Supremo acolhe tese do MP e reconhece como crime fuga de local de acidente de trânsito
Por sete a quatro, os ministros do Supremo Tribunal Federal declararam constitucional o artigo 305 do Código de Trânsito que diz o seguinte: "Afastar-se o condutor do local do acidente, para fugir à responsabilidade penal ou civil que lhe possa ser atribuída. Pena de 6 meses a 1 ano ou multa". Assim, foi acatada a tese do MPRS, defendida no Recurso Extraordinário 971959. O promotor de Justiça Alexandre Saltz fez a sustentação oral em nome do Ministério Público do Rio Grande do Sul e defendeu que o direito a não incriminação não permite ao indivíduo autorização para fugir do local do acidente.
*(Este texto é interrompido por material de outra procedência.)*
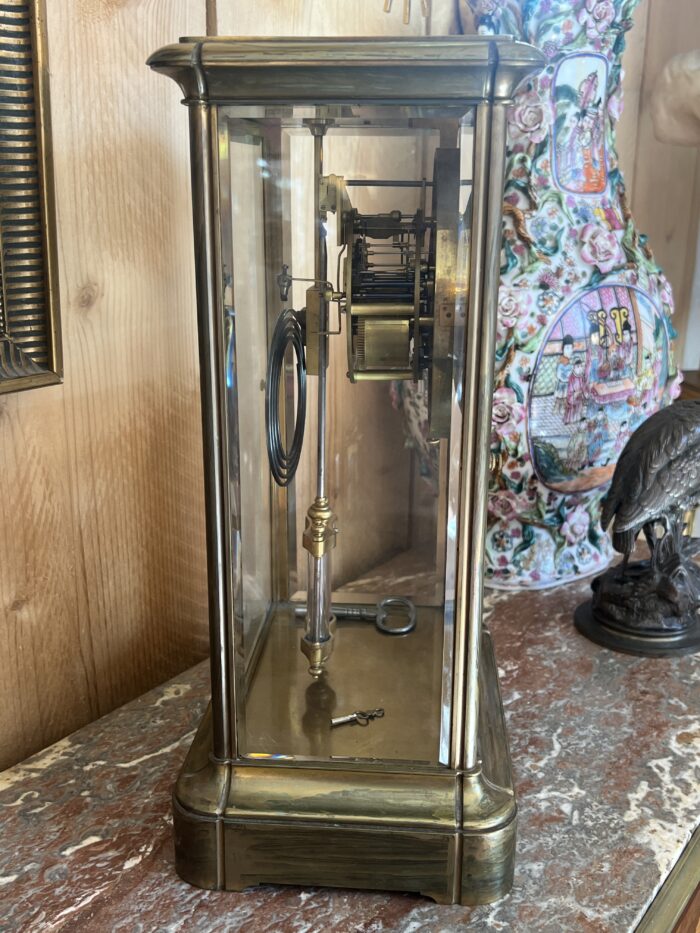 Pendule cage en laiton doré et massif, mouvement signé Marti, fin XIXe siècle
Ele destacou que “o STF, cumprindo o seu papel de intérprete da Constituição, definiu que o princípio da não autoincriminação não é absoluto e que o julgamento destacou a necessidade de um olhar do aplicador do Direito aos problemas e às políticas públicas que assolam a comunidade brasileira, como é o caso dos acidentes de trânsito”. Segundo a Procuradoria-Geral da República, 60% dos leitos do SUS são ocupados por vítimas de acidentes de trânsito.
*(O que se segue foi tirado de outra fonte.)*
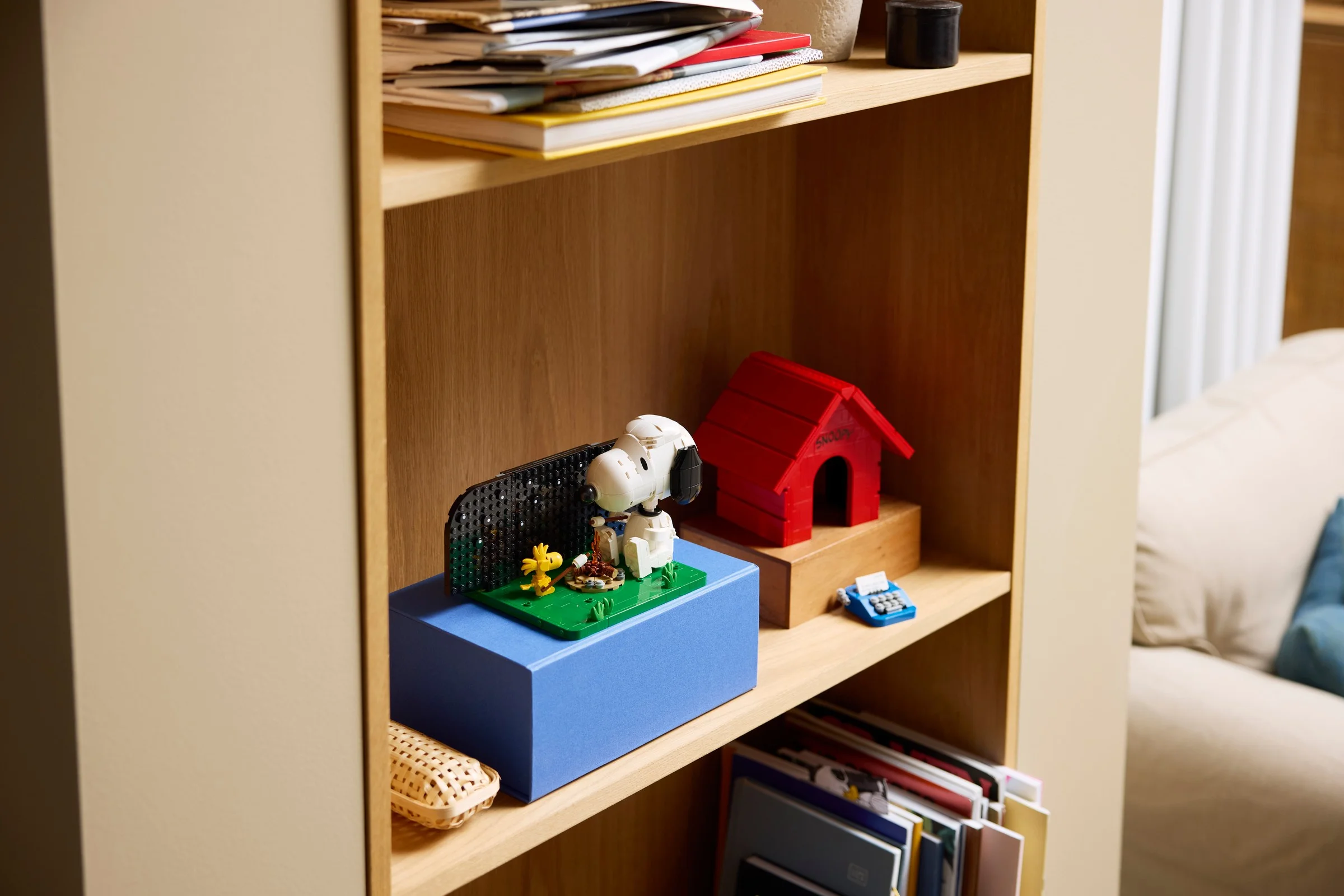 Modelul LEGO Snoopy's Doghouse expus pe un raft. Atmosferă caldă și prietenoasă.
De acordo com o procurador-geral de Justiça, Fabiano Dallazen, esta foi uma grande vitória do Ministério Público do Rio Grande do Sul. “Nós sempre nos destacamos na interposição dos recursos e no enfrentamento de matérias que tramitam nos tribunais superiores. Agora, aprimoramos este trabalho com a nossa representação em Brasília que nos permite o acompanhamento de perto dos processos em tramitação e a sustentação oral nos julgamentos, formando jurisprudência em temas de relevância e abrangência nacional”.
RECURSO EXTRAORDINÁRIO
O recurso, assinado pelo titular da Procuradoria de Recursos, procurador de Justiça Luiz Fernando Calil de Freitas, foi protocolado em 19 de maio de 2016, para reverter decisão de segundo grau que inocentou um motorista que fugiu do local do acidente que havia provocado. “Foi uma decisão muito importante. Há algum tempo, o MP vem interpondo Recursos Extraordinários a decisões da Turma Recursal do Juizado Especial e, desta vez, a um recurso nosso foi atribuída repercussão geral. Acreditamos que essa questão esteja agora resolvida definitivamente quanto à legitimidade deste tipo penal”, disse Luiz Fernando Calil de Freitas.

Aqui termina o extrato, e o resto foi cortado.